Brian Gerst (bgerst@quark.vpplus.com)
Thu, 14 Jan 1999 05:48:17 -0500


Robert Fish wrote:
> I have scoured the web trying to find out what happens in the
> time between an application issuing the "int 0x80" instruction and the
> execution of the system call handler (system_call in
> /usr/src/linux/arch/i386/kernel/entry.S).
>
> What happens before the kernel side (system_call) handler gets called ???

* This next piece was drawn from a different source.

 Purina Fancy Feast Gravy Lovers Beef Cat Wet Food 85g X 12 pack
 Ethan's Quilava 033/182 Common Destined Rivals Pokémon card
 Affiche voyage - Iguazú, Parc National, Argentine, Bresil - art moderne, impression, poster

Essentially what happens is that the processor executes an interrupt
gate. It loads the gate descriptor from the Interrupt Descriptor Table
(requires memory access), validates the code segment and stack segment
values stored within, pushes some registers onto the kernel stack
(usually, esp, ss, eflags, cs, and eip, depending on which mode the
processor was in before the int), then jumps to the address defined in
the gate descriptor (system_call).

Later Pentium Pro's, Pentium II's, and K6's support a new instruction
called sysenter (syscall on the K6), which allow a faster entry into
ring 0, based on the assumptions that user mode and kernel mode code and
stack segments are flat (base=0, limit=4GB). Linux since early 2.1.x
has had this type of memory layout. This skips alot of the overhead
involved with using an interrupt or call gate, as the segments are not
validated (they are assumed to be correct as set up by the OS), and
nothing is pushed onto the stack. The new cs, ss, and eip are stored in
an MSR inside the cpu, so no memory access is need to get those like
with a gate.

Some good places to look for information on this:
http://www.sandpile.org
http://developer.intel.com/design/pentiumii/manuals
http://www.amd.com/K6/k6docs

I am experimenting with syscall support on my K6 and hope to have some
experimental patches available in the near future. From what I've seen
of syscall and sysenter, the two are similar enough that my patches
should be easily modified for sysenter support.